How To Mentor the Right Way as An Entrepreneur

Let’s rip the Band-Aid off:

Your mentorship style is probably trash.

Not because you’re a bad person.

But because nobody ever taught you what real mentorship looks like inside a growing company.

You’re over here coaching clients like a boss
…but mentoring your team like a distracted substitute teacher with a caffeine addiction.

And here’s the kicker: it’s why your business won’t scale past YOU.

If your growth is entirely dependent on your brain, your decisions, and your execution…Congrats, you’ve just built a really stressful job.

Your Team Isn’t the Problem. You Are.

Here’s what most founders get wrong: They think mentorship is about shaping someone into a “mini-me.”

“If they just thought like I did…”
“If they had my instincts…”
“If they followed my process…”

That is control and not mentorship and it leads to three things:

  • Burnt-out CEOs who micromanage everything
  • Frustrated teams who never feel like they’re winning
  • Stagnant growth because nobody else can move the company forward

 

Real mentorship is NOT about molding someone into your image.

It’s about unlocking their potential and getting the hell out of the way.

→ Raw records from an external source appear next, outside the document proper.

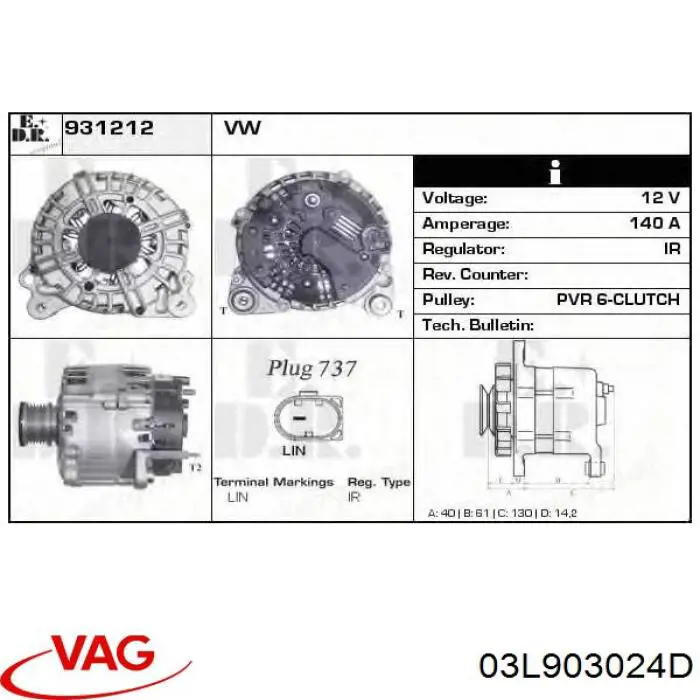 Do koszyka 03L903024D VAG Alternator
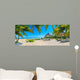 Paradise beach with palms and parasol 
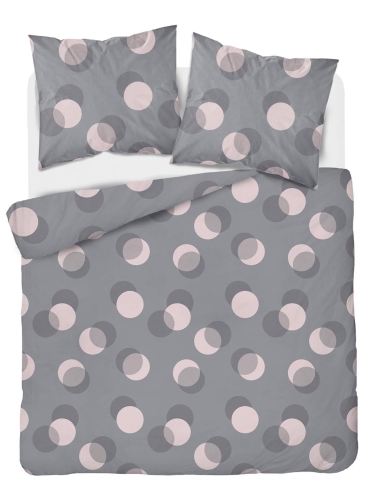 Pościel satyna bawełniana Home Satin popielata 220x200 w grochy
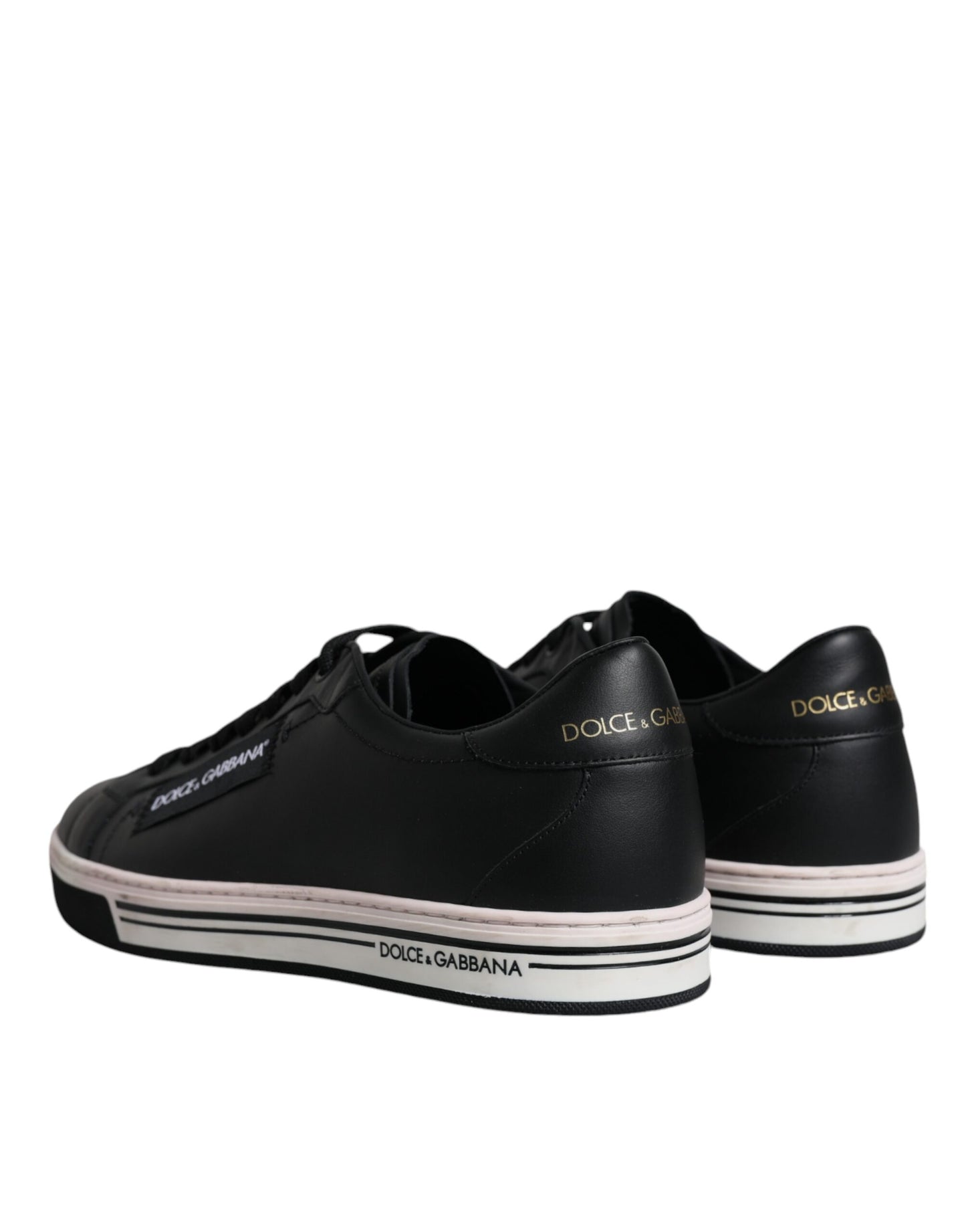 Dolce &amp; Gabbana Herren Sneakers aus schwarzem Leder mit niedrigem Schaft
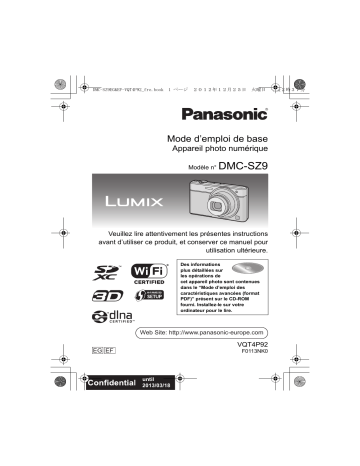 Mode d'emploi | Panasonic DMCSZ9EG Operating instrustions | Fixfr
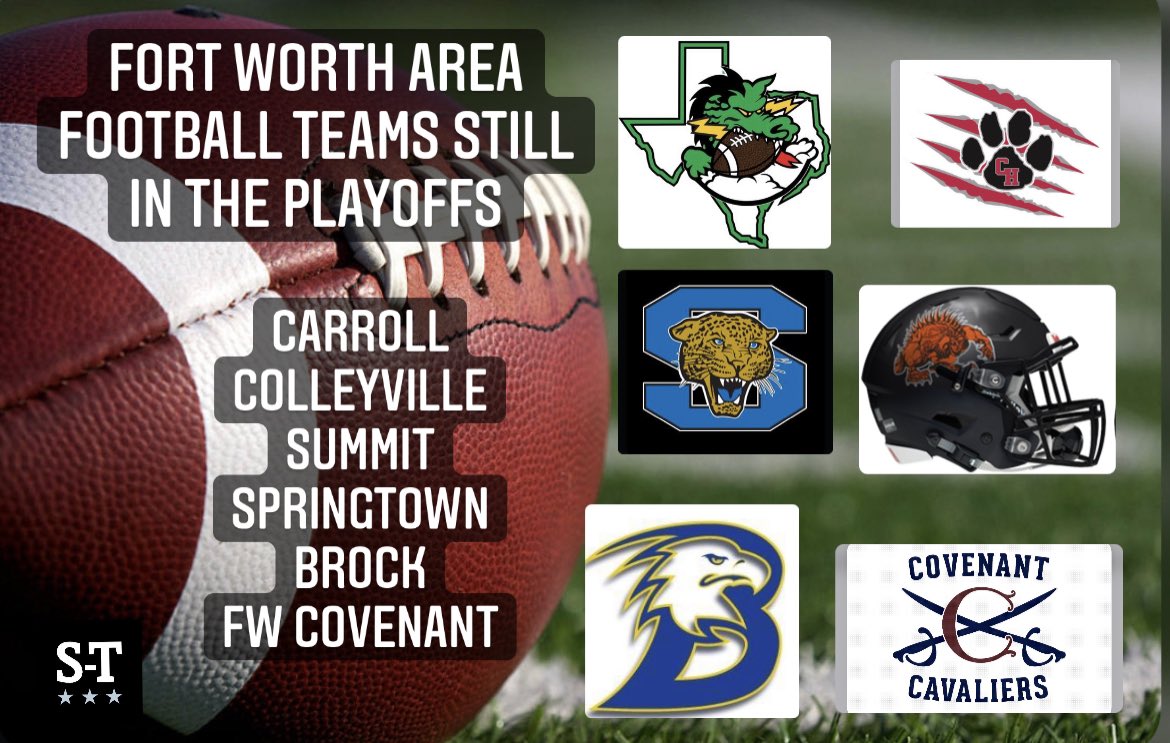 RT if your football team is still playing! 

#txhsfb 
<a href="/SLCAthletics/">Carroll Dragons</a> 
<a href="/CHHS_FOOTBALL/">CHHS Football</a> 
<a href="/SummitFB/">Mansfield Summit High Football</a> 
<a href="/SpringtownISD/">Springtown ISD</a> 
<a href="/BrockAthletics/">Chad Massey</a> 
<a href="/covenantfw/">Covenant Classical</a>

The Gold You’re Ignoring: Tribal Knowledge

Let’s talk about the #1 underutilized asset in your company:

Your people’s lived experience inside your business.

They’ve seen:

  • What products bombed
  • What ads printed money
  • What customers lost their minds (and why)
  • How you handled chaos, setbacks, launches, pivots, rebrands

 

That’s called tribal knowledge.

And it’s priceless — if you leverage it right.

You don’t need to keep hiring outside experts. You need to develop the people who’ve already survived the fire.

But here’s the asterisk: They have to be growing with the business, not dragging behind it.

Enter: Mentorship That Actually Works

Let’s build a real system — one that develops leaders, not dependents.

This is how Emma Rainville mentors high-level staff to think, act, and decide like owners.

Step 1: Document Their Journey (Privately)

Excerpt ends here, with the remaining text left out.